Prompt
Pictures are not part of the copy. Write out exactly the lines from the line with "Love Earring - Picture 4 of 4" through the end of the entries below.

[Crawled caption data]
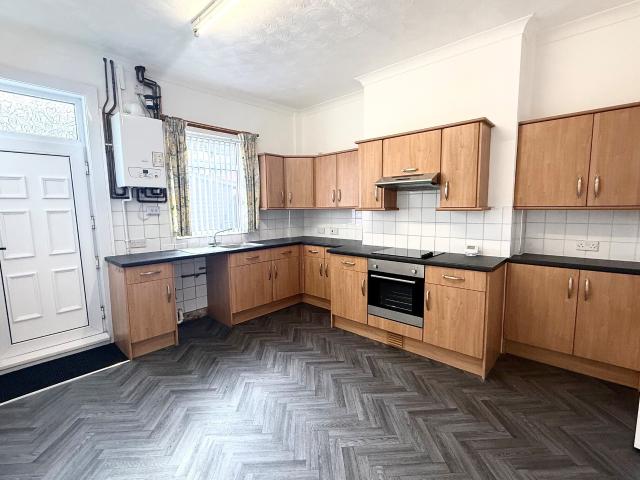 House for rent in North Featherstone, Wakefield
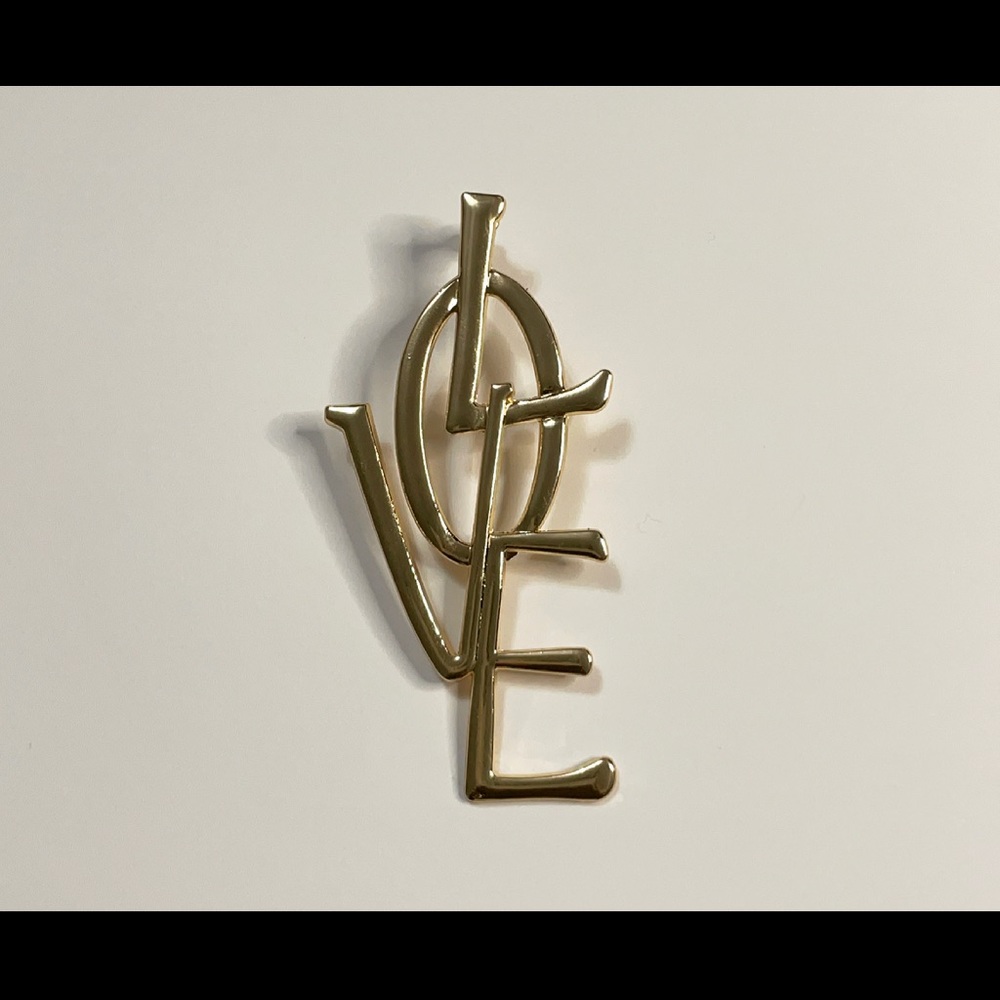 Love Earring - Picture 4 of 4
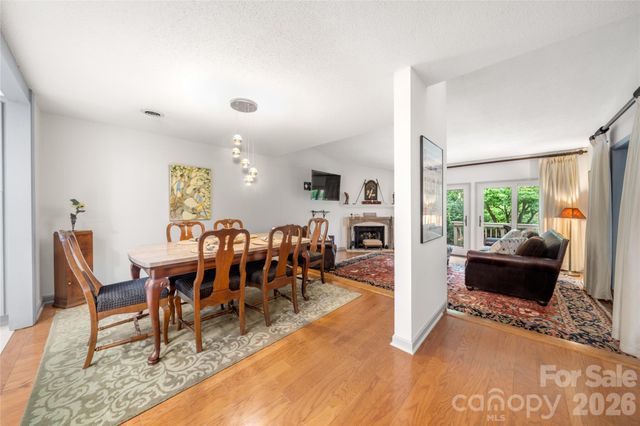106 Deerlake Drive, Asheville, NC 28803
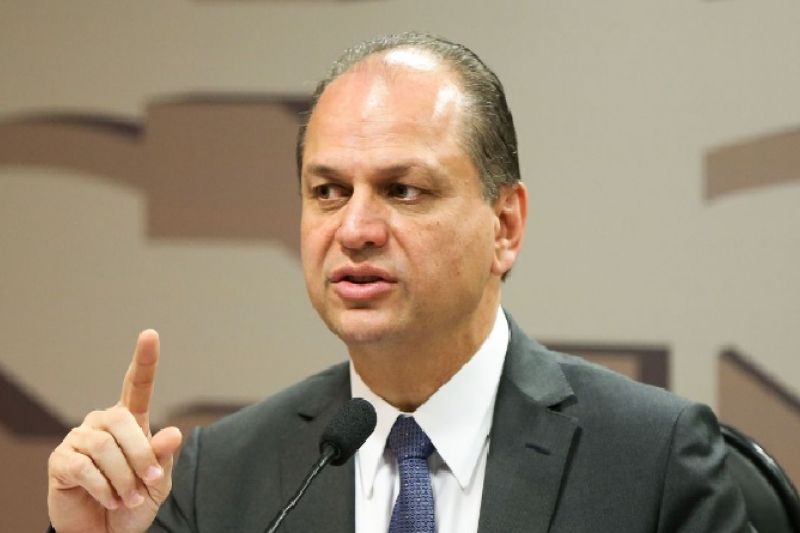 Líder do governo afirma que TSE e pesquisas eleitorais favoreceram a vitória de Lula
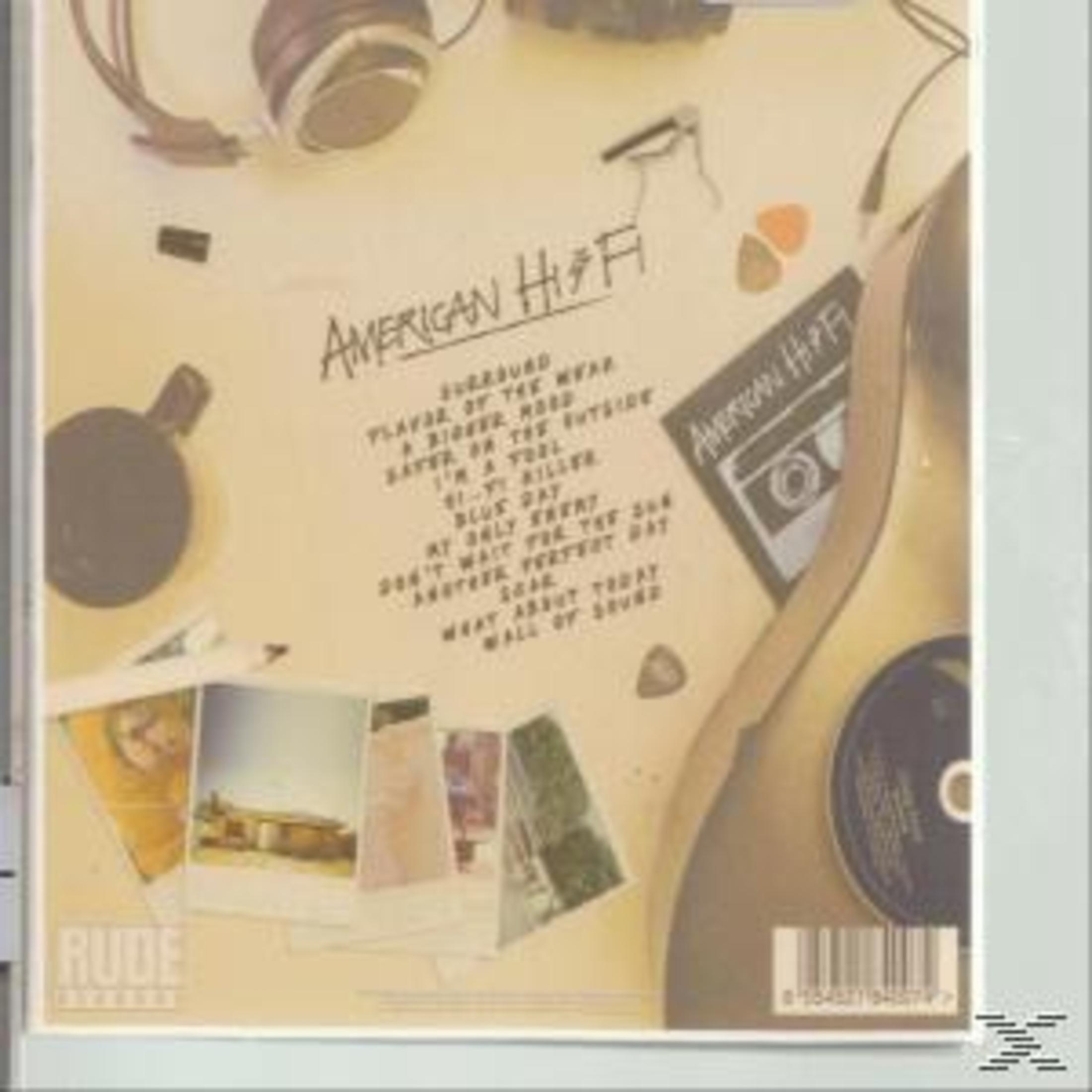 Achterkant van een American Hi-Fi albumhoes met een gitaar, cassette en foto's.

Answer to this task
 Love Earring - Picture 4 of 4
106 Deerlake Drive, Asheville, NC 28803
 Líder do governo afirma que TSE e pesquisas eleitorais favoreceram a vitória de Lula
 Achterkant van een American Hi-Fi albumhoes met een gitaar, cassette en foto's.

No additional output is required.